🤖 AI Summary
This work addresses the challenge of wireless remote state estimation under random sensor-to-estimator delays, which degrade information utility. While conventional approaches focus solely on information freshness—typically measured by Age of Information (AoI)—they overlook the intricate coupling among delay, information content, and energy efficiency. To bridge this gap, the authors propose a unified delay-aware framework that incorporates delayed measurements via posterior-fusion Kalman updates, formulates scheduling as a Markov decision process, and introduces a proximal policy optimization (PPO)-based reinforcement learning scheduler.
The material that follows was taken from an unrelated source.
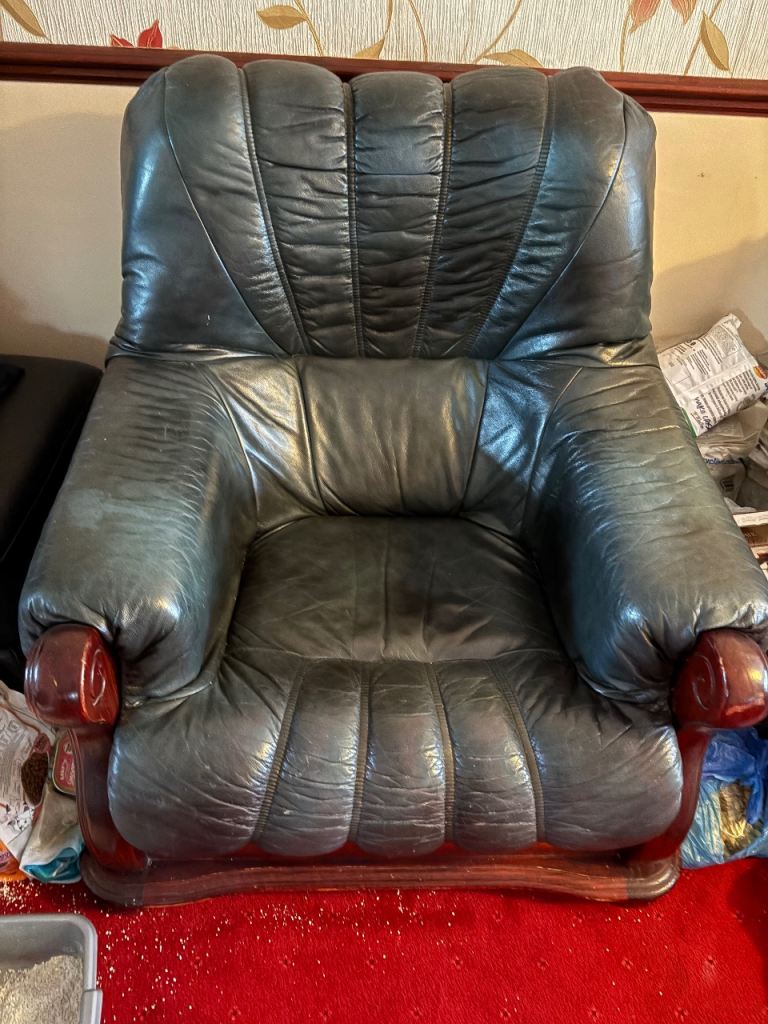 1 seater blue leather sofa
This scheduler jointly optimizes information gain and energy consumption without requiring prior knowledge of the delay distribution. The study further establishes, for the first time, an explicit characterization of the dependency between delay and information gain, yielding a tractable stability condition that guarantees bounded estimation error. Experiments demonstrate that the proposed method significantly outperforms random scheduling and baseline RL algorithms such as DQN and A2C under heterogeneous sensors, realistic link energy costs, and stochastic delays, achieving substantially lower estimation error at comparable energy expenditure while remaining robust to variations in measurement availability and noise.
📝 Abstract
Unpredictable sensor-to-estimator delays fundamentally distort what matters for wireless remote state estimation: not just freshness, but how delay interacts with sensor informativeness and energy efficiency. In this paper, we present a unified, delay-aware framework that models this coupling explicitly and quantifies a delay-dependent information gain, motivating an information-per-joule scheduling objective beyond age of information proxies (AoI). To this end, we first introduce an efficient posterior-fusion update that incorporates delayed measurements without state augmentation, providing a consistent approximation to optimal delayed Kalman updates, and then derive tractable stability conditions ensuring that bounded estimation error is achievable under stochastic, delayed scheduling. This conditions highlight the need for unstable modes to be observable across sensors. Building on this foundation, we cast scheduling as a Markov decision process and develop a proximal policy optimization (PPO) scheduler that learns directly from interaction, requires no prior delay model, and explicitly trades off estimation accuracy, freshness, sensor heterogeneity, and transmission energy through normalized rewards. In simulations with heterogeneous sensors, realistic link-energy models, and random delays, the proposed method learns stably and consistently achieves lower estimation error at comparable energy than random scheduling and strong RL baselines (DQN, A2C), while remaining robust to variations in measurement availability and process/measurement noise.